It was October 11, 1982, and Marty Robbins sat in the audience at the Grand Ole Opry House near Nashville, Tennessee, during the Country Music Association’s nationally televised awards show. He believed in dressing up for awards shows, and his pinstriped swallowtail coat with vest, ruffled white shirt and black bowtie fit that description. A red handkerchief peeked from his breast pocket, and his large round eyeglasses held photochromic lenses. A country music star for thirty years, he was one of five nominees in the “active performer” category for the Country Music Hall of Fame. With this being his first time as a finalist, he didn’t expect to hear his name called.
Eddy Arnold, elected sixteen years earlier, stood on the stage. He had been chosen to reveal the newest member, and he announced, “Marty Robbins, come up here.”
Throwing back his head in surprise, Robbins grinned and stood. As he started toward the stage, he paused to turn and wave to the audience. Arnold whipped the red cover from an easel, revealing a large bronze plaque, and said, “Welcome to the Hall of Fame, Marty.”
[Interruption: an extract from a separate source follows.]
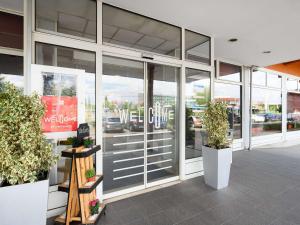 a store front with glass doors and potted plants at Ibis Budapest Citysouth in Budapest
At the microphone, Robbins glanced at the engraved bronze likeness and joked, “Well, I don’t know—somebody’s looking at me.” Appearing genuinely happy, he said, “I never had any idea that this would happen, because I really feel there are other people that deserve it, y’know, before I should get it, but I have a feeling, y’know, possibly, that it might not happen again, so I’m gonna take it tonight.” He told the audience, “And I thank everybody that had anything to do with it.”1
Eight weeks later he was dead. His fourth heart attack took his life on December 8, 1982, at age fifty-seven. The first heart attack occurred during a NASCAR race in 1968 and went undiagnosed. A major heart attack in August 1969 led to triple bypass surgery the following January. His third heart attack came eleven years later. Each time he had returned to an active schedule of singing and racing.
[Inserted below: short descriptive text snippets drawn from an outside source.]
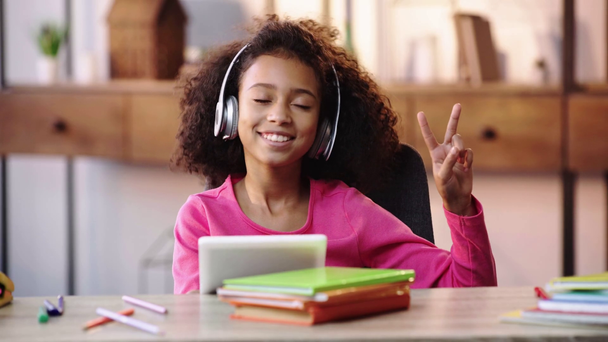 Χαρούμενη αφροαμερικανική παιδί ακούγοντας μουσική και δείχνοντας σημάδι ειρήνης - Πλάνα, βίντεο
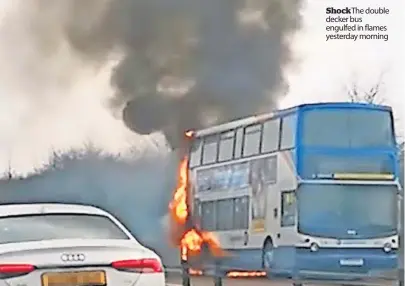  ?? ?? Shock The double decker bus engulfed in flames yesterday morning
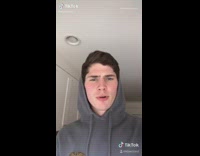 Grey sweater guy red hot dog cooker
“I certainly thought he deserved the Hall of Fame honor and was happy that he received it,” says “Whispering” Bill Anderson. “When he died such a short time later, I was especially glad that he knew in this lifetime how much he was admired and appreciated.”2
Longtime Grand Ole Opry star Charlie Louvin calls “the passing of Marty Robbins” the Opry’s greatest loss. “There’ve been others, naturally,” he says, “but I think Marty was the biggest loss the Opry has taken.”3
During his three decades of recording, Marty Robbins placed ninety-four songs on Billboard’s country music charts, four of them after his death. Sixteen reached number one, including his first charted song (“I’ll Go On Alone”) in early 1953. He received two Grammy awards for songs he wrote and recorded, “El Paso” and “My Woman, My Woman, My Wife.” The Academy of Country Music honored him with its Man of the Decade Award in 1970.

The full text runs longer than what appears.